Marcel Levesque, Josseline Gaël et Jean Gabin dans « Tout ça ne vaut pas l’amour »

Toto (1933), inscrit dans le sillage de René Clair, rend hommage au muet dès son ouverture, une scène de vol commis par Albert Préjean et son acolyte, poursuivis par la maréchaussée, sans dire un traître mot. De même le nettoyage des couloirs de la prison par les pensionnaires donnera lieu à un chaplinesque ballet de patins. Hommage au théâtre de boulevard et ses quiproquos, Pour être aimé (1933) montre un Pierre Richard-Willm guilleret, débarrassé de sa rigidité habituelle, en richissime aristo qui se fait passer pour un barman sans le sou afin d’être aimé pour lui-même.

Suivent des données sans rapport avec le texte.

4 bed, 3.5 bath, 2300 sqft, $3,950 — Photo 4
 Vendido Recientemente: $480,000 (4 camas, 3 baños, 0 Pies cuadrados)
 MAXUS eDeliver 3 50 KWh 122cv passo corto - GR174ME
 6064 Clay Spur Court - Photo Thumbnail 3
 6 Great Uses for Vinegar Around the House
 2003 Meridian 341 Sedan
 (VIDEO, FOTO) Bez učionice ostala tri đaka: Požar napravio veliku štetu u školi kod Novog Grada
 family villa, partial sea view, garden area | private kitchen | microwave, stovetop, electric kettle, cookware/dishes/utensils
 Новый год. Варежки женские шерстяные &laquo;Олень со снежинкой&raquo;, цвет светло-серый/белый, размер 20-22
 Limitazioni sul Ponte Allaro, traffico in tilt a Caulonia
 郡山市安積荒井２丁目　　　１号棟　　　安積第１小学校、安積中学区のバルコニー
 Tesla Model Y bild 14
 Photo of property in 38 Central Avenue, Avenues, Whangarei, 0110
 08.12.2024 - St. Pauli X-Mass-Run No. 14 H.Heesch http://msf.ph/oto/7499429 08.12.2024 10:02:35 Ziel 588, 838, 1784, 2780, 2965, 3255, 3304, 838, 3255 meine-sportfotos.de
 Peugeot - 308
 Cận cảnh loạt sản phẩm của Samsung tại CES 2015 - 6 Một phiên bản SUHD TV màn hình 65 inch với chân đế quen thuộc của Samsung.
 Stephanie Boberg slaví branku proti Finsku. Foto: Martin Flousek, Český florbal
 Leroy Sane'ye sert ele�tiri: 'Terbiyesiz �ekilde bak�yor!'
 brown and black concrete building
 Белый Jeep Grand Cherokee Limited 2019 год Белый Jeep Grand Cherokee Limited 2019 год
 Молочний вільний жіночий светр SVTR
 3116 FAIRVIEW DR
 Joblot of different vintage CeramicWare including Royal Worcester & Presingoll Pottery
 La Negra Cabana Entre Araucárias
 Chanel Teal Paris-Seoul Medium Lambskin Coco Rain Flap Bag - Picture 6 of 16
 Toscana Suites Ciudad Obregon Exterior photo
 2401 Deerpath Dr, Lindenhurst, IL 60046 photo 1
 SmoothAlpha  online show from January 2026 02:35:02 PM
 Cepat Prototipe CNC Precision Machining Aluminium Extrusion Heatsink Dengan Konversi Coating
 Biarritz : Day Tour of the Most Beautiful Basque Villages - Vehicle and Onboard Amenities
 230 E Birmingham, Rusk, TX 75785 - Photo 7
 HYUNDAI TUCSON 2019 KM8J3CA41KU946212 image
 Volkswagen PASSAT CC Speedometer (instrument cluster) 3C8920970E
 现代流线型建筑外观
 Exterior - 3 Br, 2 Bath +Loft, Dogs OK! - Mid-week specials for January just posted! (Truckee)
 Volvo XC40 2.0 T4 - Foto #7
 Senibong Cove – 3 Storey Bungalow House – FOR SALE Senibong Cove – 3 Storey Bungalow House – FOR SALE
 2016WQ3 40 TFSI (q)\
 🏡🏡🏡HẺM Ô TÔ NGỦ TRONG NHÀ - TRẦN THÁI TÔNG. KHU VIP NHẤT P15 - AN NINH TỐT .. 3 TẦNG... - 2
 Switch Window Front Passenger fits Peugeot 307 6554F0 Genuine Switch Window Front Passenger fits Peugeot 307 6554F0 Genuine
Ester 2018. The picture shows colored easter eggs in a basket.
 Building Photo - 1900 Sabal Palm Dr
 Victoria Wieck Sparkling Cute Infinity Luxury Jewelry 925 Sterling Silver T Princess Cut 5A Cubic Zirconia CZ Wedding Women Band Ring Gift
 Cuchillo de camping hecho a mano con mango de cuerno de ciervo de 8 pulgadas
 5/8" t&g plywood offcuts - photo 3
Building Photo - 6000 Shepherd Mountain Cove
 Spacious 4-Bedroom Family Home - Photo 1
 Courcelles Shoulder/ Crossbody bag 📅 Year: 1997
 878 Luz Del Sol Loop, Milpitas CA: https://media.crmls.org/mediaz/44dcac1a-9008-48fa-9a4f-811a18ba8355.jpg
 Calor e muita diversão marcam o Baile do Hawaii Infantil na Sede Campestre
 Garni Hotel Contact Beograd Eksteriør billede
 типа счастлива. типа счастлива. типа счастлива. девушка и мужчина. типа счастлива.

Dans Les Filles de la concierge (1934), trois beautés réussissent à trouver l’amour malgré les imbroglios provoqués par leur mère. Ces quatre films sont à compter parmi les réussites de Tourneur grâce à l’élégance des comédiens et des dialogues.
Le livre publié à l’occasion de cette rétrospective par les éditions Capricci souffre des décisions débiles que prennent certains concepteurs graphiques de l’édition moderne, comme de présenter un texte noir sur fond gris foncé, lisible uniquement à la lampe de poche.